Unlike the foolish man in Proverbs, Jesus was not lacking a heart of wisdom. He is Wisdom incarnate (1 Corinthians 1:30). He was not presuming on an unknown future; He knew the exact cost. He knew it would cost Him the cross. And unlike us, He had the infinite resources of His own perfect righteousness to pay the debt in full. He did not co-sign our debt; He paid it off. He cancelled the record of debt that stood against us with its legal demands, nailing it to the cross (Colossians 2:14).
The reason we are forbidden from becoming a financial surety for our neighbor is that this is a role that only Christ can rightfully fill. He is the only one who can truly stand in the gap and pay the debt of another. For us to attempt it, even on a small financial scale, is to play the messiah. It is to take upon ourselves a prerogative that belongs to God alone. We are to be generous, we are to give, we are to lend. But we are not to become entangled as guarantors. That office is occupied.
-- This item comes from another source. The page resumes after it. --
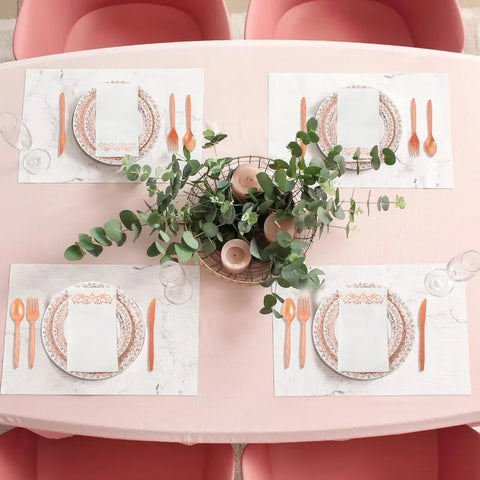 700 Pcs Disposable Dinnerware Set for 100 Guests Include 200 Paper Plates, 300 Plastic Silverware, 100 Paper Cups, 100 Napkins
Therefore, let us walk in wisdom. Let us order our financial lives according to the clear instruction of God's Word. Let us hate the striking of hands in pledge. Let us work diligently, save wisely, give generously, and owe no man anything, except to love one another. And let us give all thanks and praise to our great Surety, the Lord Jesus Christ, who saw us in our bankruptcy and paid a debt He did not owe, because we had a debt we could not pay.